▸ Task data
****

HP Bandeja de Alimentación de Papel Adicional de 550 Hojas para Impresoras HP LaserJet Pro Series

****

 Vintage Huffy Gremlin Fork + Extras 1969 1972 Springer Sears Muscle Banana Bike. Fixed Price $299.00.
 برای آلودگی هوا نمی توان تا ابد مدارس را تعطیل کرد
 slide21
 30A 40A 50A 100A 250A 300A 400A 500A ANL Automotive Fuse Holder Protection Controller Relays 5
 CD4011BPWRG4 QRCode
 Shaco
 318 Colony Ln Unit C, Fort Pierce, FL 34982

****

▸ How to complete this task
Of the lines above, extract only those from the line with "30A 40A 50A" to the line with "318 Colony Ln Unit C, Fort Pierce, FL 34982", both included, exactly as written.

▸ Result for this exercise
 30A 40A 50A 100A 250A 300A 400A 500A ANL Automotive Fuse Holder Protection Controller Relays 5
 CD4011BPWRG4 QRCode
 Shaco
 318 Colony Ln Unit C, Fort Pierce, FL 34982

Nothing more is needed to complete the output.